In one of the most reverberant moments in the book—as well as the strangest and most typical—the child Banks asks a friend of his parents, “Uncle Philip, I was just wondering. How do you suppose one might become more English?” The older man, sounding like many people we know today, replies that “mongrels” like Banks, growing up in the midst of many cultures, may be lucky enough to exist outside traditional affiliations, and even may bring an end to war. Then, stopping, he corrects himself. “People need to feel they belong. To a nation, to a race. Otherwise, who knows what might happen? This civilisation of ours, perhaps it’ll just collapse.
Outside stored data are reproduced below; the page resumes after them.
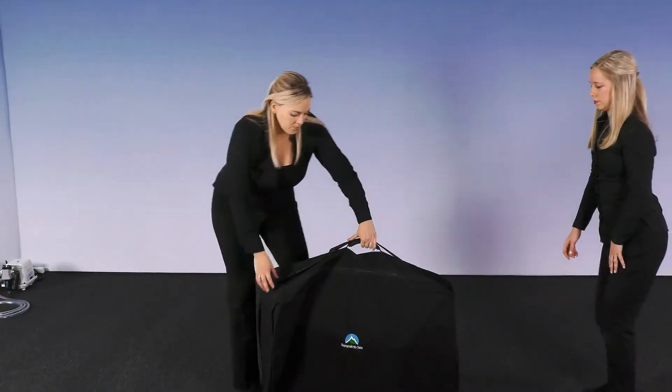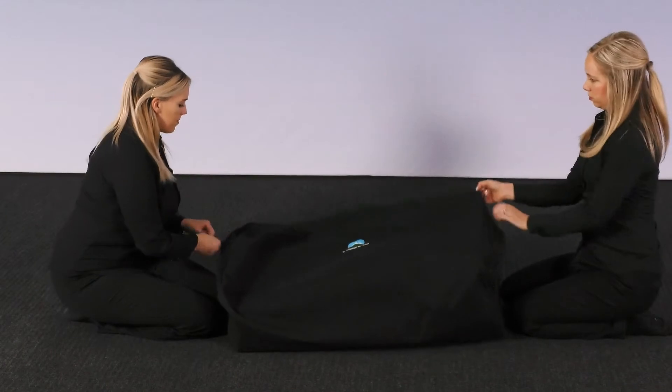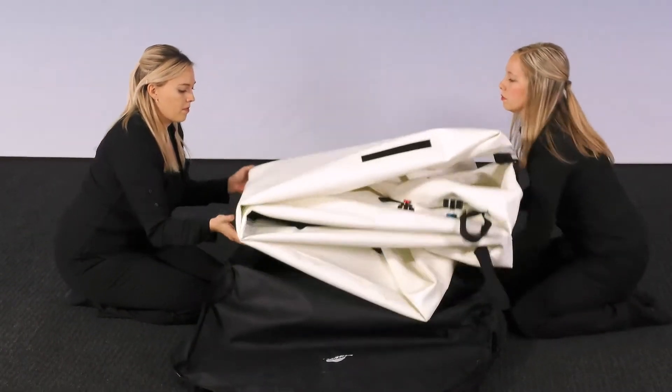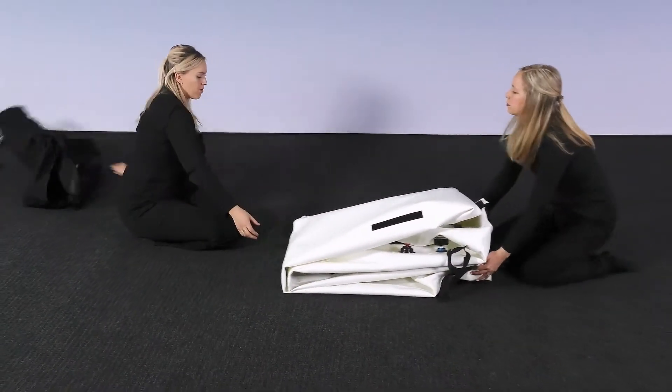Now it is time to assemble your diaphragm chamber. Bring the carry bag over to where you intend to have your chamber. Remove the chamber from the carry bag. Ensure that you have plenty of room to maneuver while assembling your chamber. Move the carry bag out of the way of the chamber.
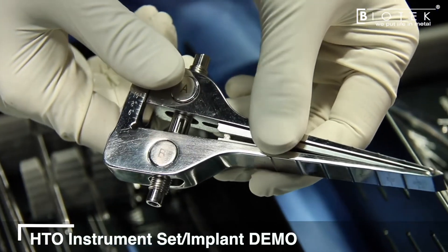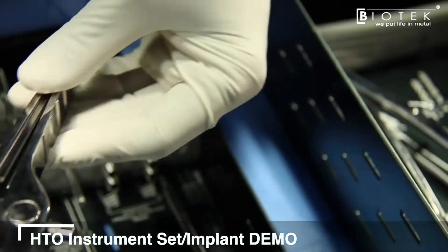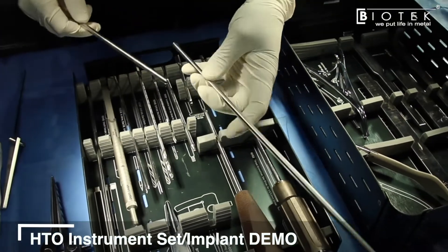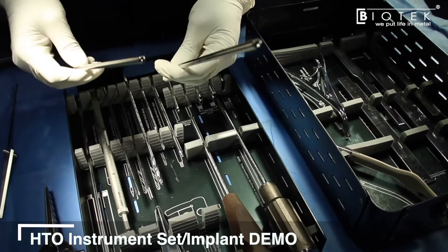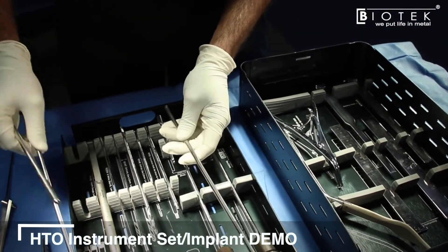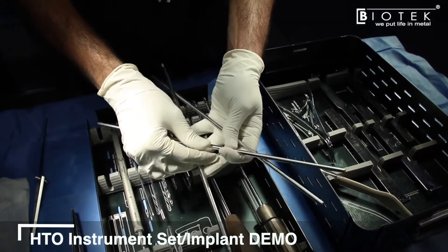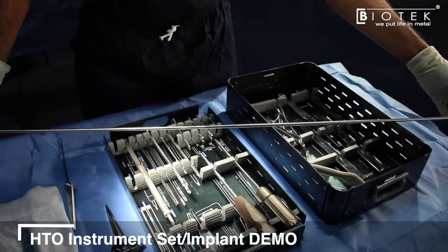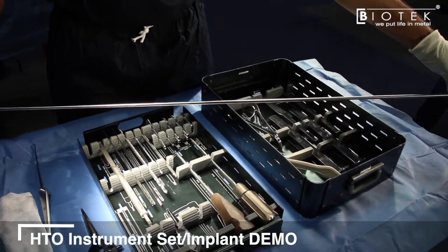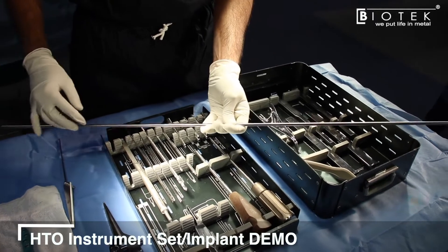To verify that the opening corresponds with preoperative planning, alignment rods are provided that thread into each other to one meter in total length, allowing you to check alignment from the hip to the knee to the ankle.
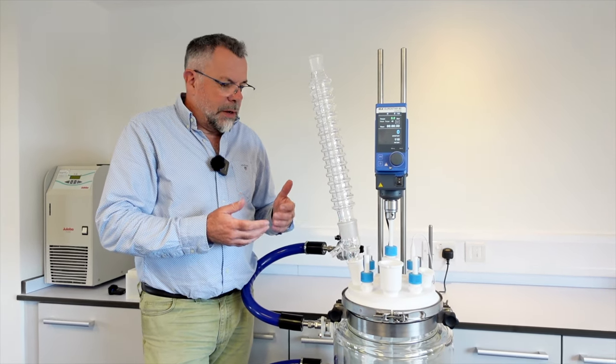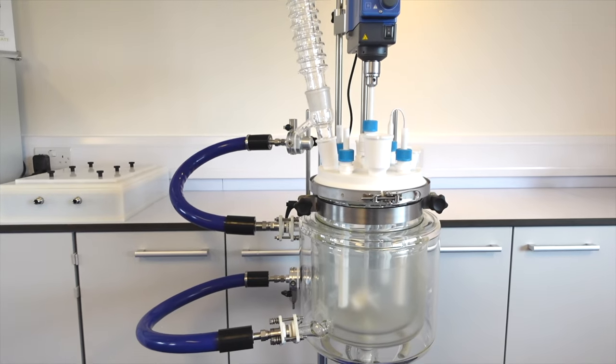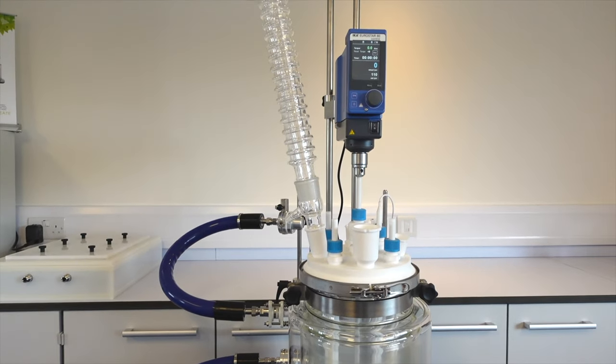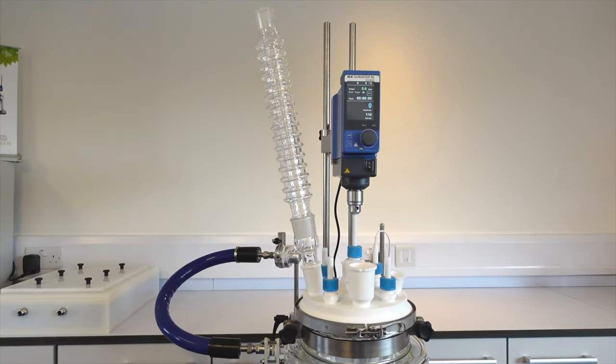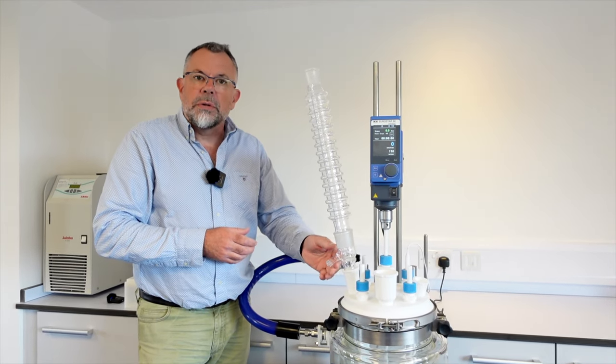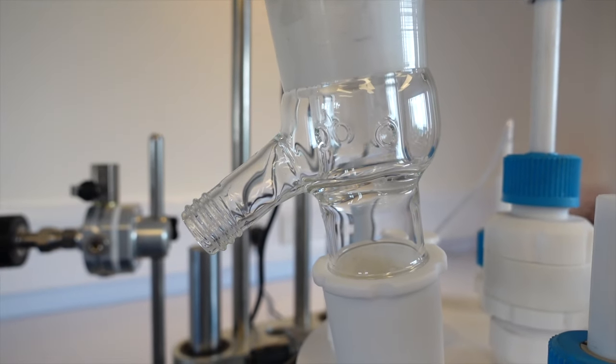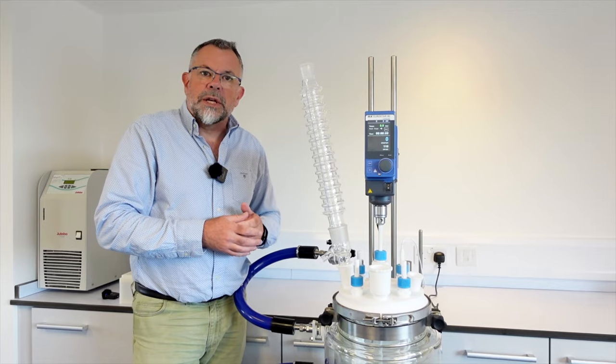Here we have an atom reactor stand with a five liter vessel, and this particular version of the Condensing Maxi has the option for performing distillation — hence the side arm here. There are a few other options we'll explain in a future video.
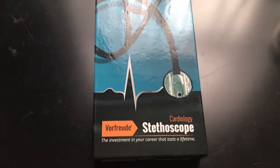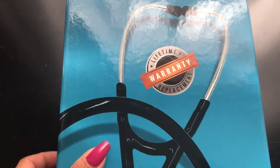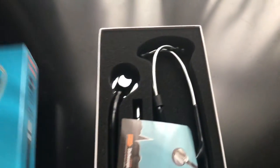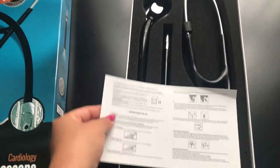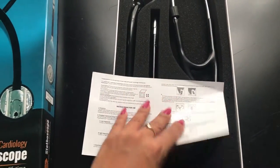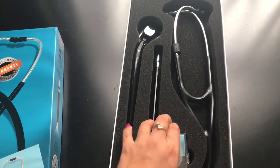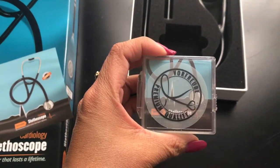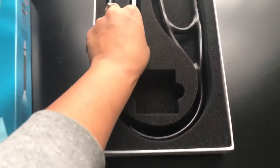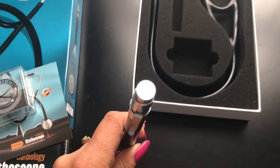This is the Vaufrid cardiology stethoscope. It comes with a lifetime warranty. Inside, it is packaged with instructions on how to use the stethoscope, and it also comes with extra earbuds and a pen torch.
And everything scatter, as you put it.”

When We Were Orphans traces the collapse of a civilization and the scattering of just about everything, and shows how the very wish to belong is complicit in that unraveling (as it describes how the only home Banks knows turns into a maze of refugees). And in its sadness, as in its willingness to stretch and experiment with realism, it reminds us that Ishiguro is at heart as much a European as an English writer.1 In many respects, in fact, the novelist he most resembles is that other disciple of Kafka’s, living in England for thirty years without ever becoming English, W.G. Sebald. Except for The Unconsoled (the perfect title for all of Sebald’s work), Ishiguro’s writing has always been concerned with how war affects those not directly involved in it—the theme that Sebald has made his obsession—and how we try to get around all the things that we do not want to say (or know). It is a curious coincidence, perhaps, that both of them have been conducting their inquiries into the end of Empire in an England where anti-Japanese and anti-German sentiment still run high almost sixty years after the last war.

When Banks finally enters his family’s house in Shanghai, he finds it made over by its new Chinese owners. When Sebald, in Vertigo,2 returns to his hometown in Germany, he can revisit his family’s old living room only by checking into a local inn. For both these writers, it seems, foreignness in the modern floating world begins at home.